The achievement of these objectives hinges on the use of detailed and structured metadata that accurately describe the data products. Notably, search algorithms and recommender systems rely on metadata rather than raw data. Metadata play a crucial role in establishing the credibility, discoverability, visibility, and usability of data. Embracing metadata standards proves to be a pragmatic and effective approach to guarantee the comprehensiveness and quality of metadata. A metadata standard, also referred to as a metadata schema, comprises a meticulously organized set of clearly defined elements designed for documenting a dataset. It is accompanied by essential rules and instructions to ensure their uniform and consistent implementation.
This Guide puts forth a set of recommended metadata standards covering various data types, offering guidance for their implementation. The proposed standards are those selected and adapted by the World Bank’s Office of the Chief Statistician, and used for data curation at the World Bank. Encompassing microdata, statistical tables, indicators and time series, geographic datasets, text, images, video recordings, programs, and scripts, these standards aim to elevate the quality and effectiveness of metadata across diverse data categories. The Guide adheres to the FAIR Guiding Principles for scientific data management and stewardship, aiming to improve the Findability, Accessibility, Interoperability, and Reusability of digital data assets.
Chapter 1 of the Guide outlines the challenges associated with finding and using data. Chapter 2 describes the essential features of a modern data catalog, and Chapter 3 explains how rich and structured metadata, compliant with the metadata standards we describe in the Guide, can enable advanced search algorithms and recommender systems. Chapter 4 provides practical guidelines for the production and publishing of structured metadata. Finally, Chapters 5 to 14 present the recommended standards, along with examples of their use.
This Guide was produced by the Office of the World Bank Chief Statistician as a reference guide for World Bank staff and for partners involved in the curation and dissemination of data related to social and economic development.

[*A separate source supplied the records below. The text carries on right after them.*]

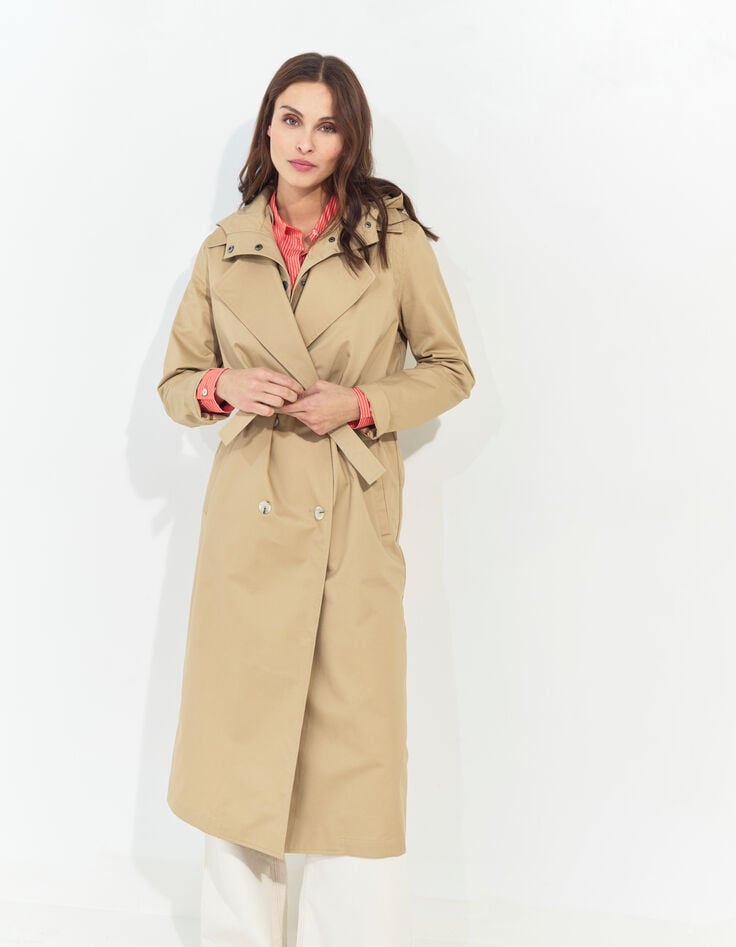DAYLA - Trench beige coton bio capuche amovible -1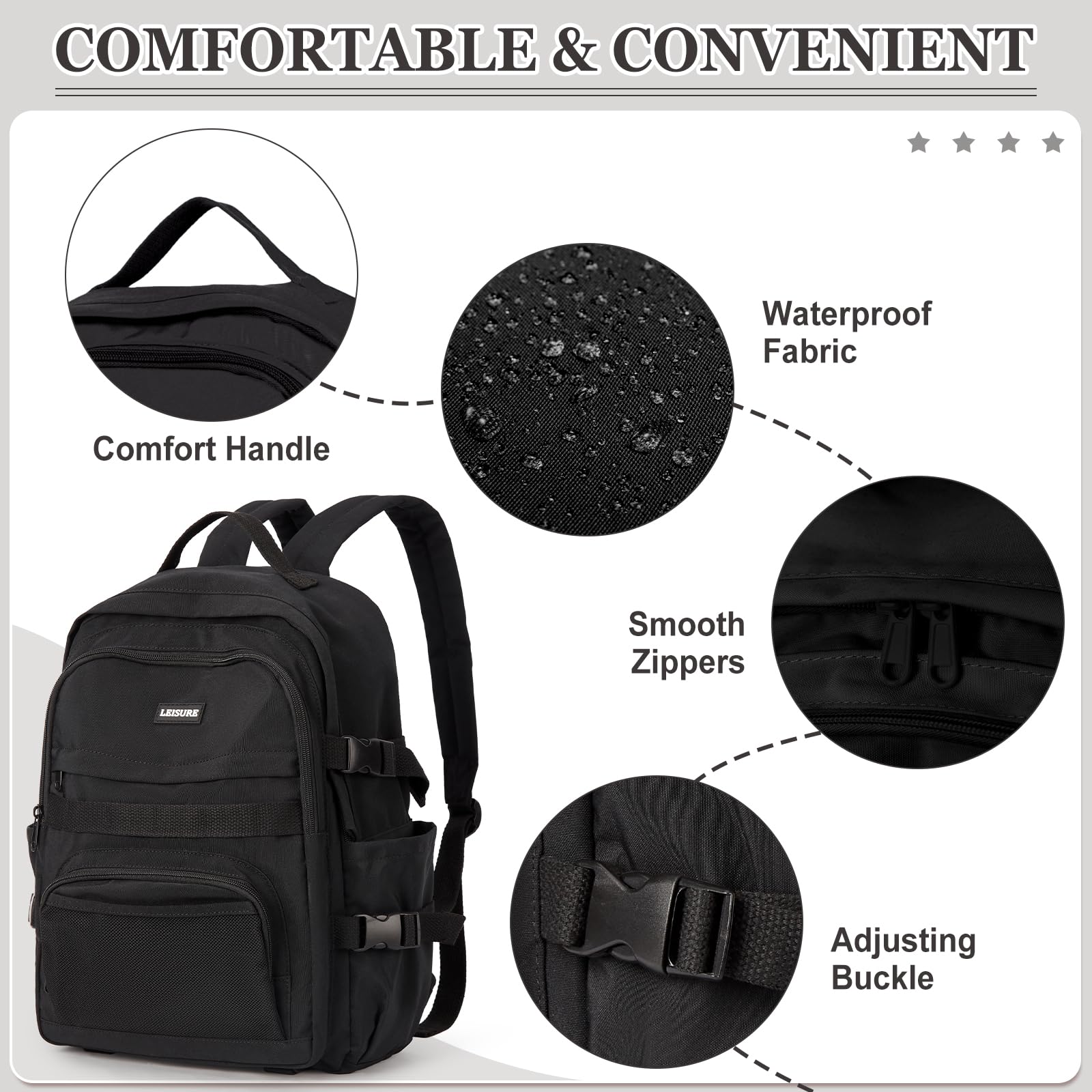 SEAFEW Lightweight Water Resistant Laptop Backpack for College, High School Students - Durable Book Bag for Men & Women, Perfect for Travel, Work & Daily Use - Black (G1) - Ideal for Commuting, Campus Life & Business Trips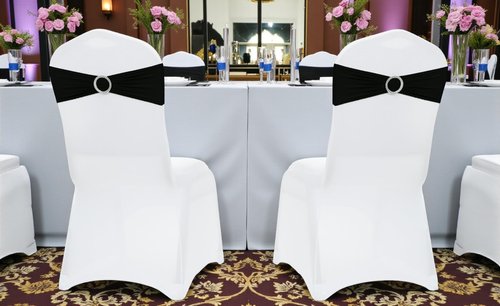 MDS Premium Spandex Chair Sashes - Stretchy Bow Covers with Buckle Slider | Universal Fit - Black (Pack of 25)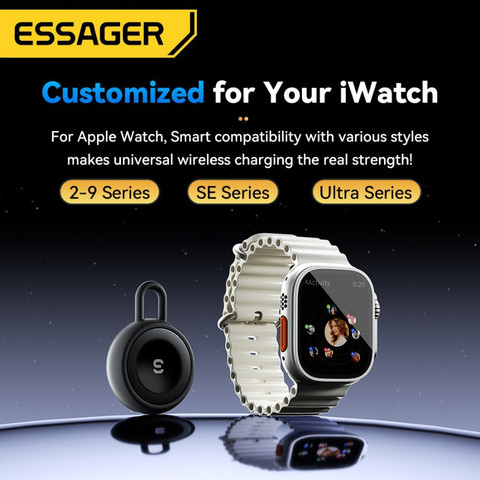 מטען אלחוטי מגנטי לשעון Apple Watch עם Type-C נייד ESSAGER ES-WC12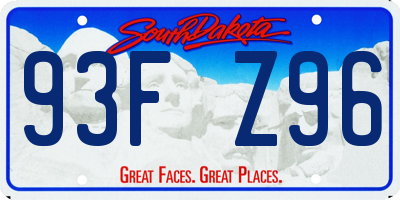 SD license plate 93FZ96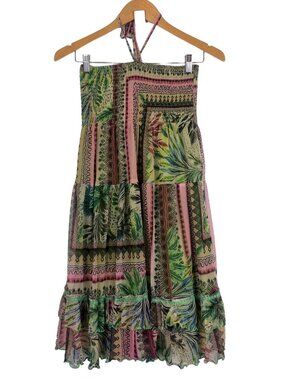 Lapis Women’s Convertible Dress Skirt Small Tropical Patchwork Smocked Boho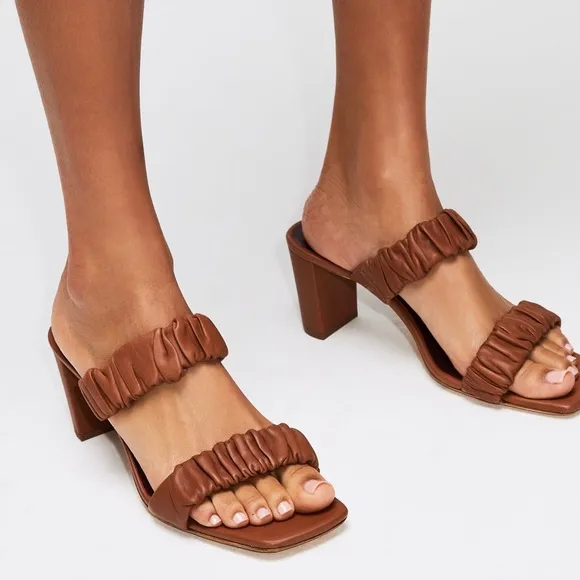 STAUD Leather Frankie Heeled Sandals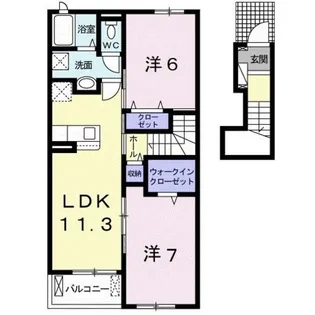 アヴェニールNISHIKI Ⅱ【2階】の間取り
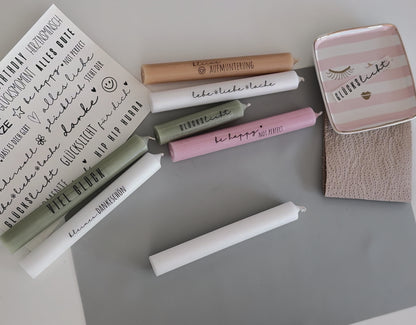 Kerzenfolie Sei glücklich kurze Kerzen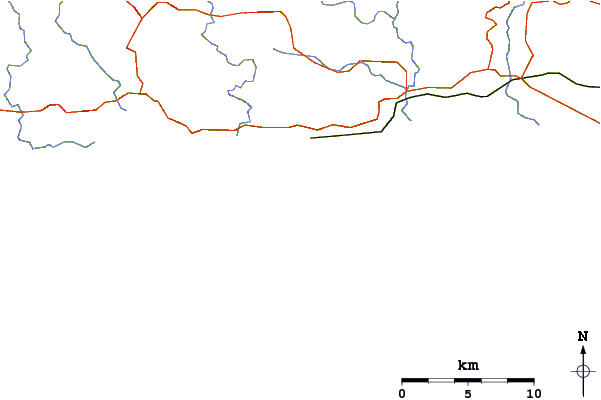 Roads and rivers around Conspicuous Beach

The standards it describes are used by the World Bank in its data management and dissemination systems, and for the development of systems and tools for the acquisition, documentation, cataloguing, and dissemination of data. Among these tools is a specialized Metadata Editor designed to facilitate the documentation of datasets in compliance with the recommended standards, and a cataloguing application (“NADA”). Both applications are openly available.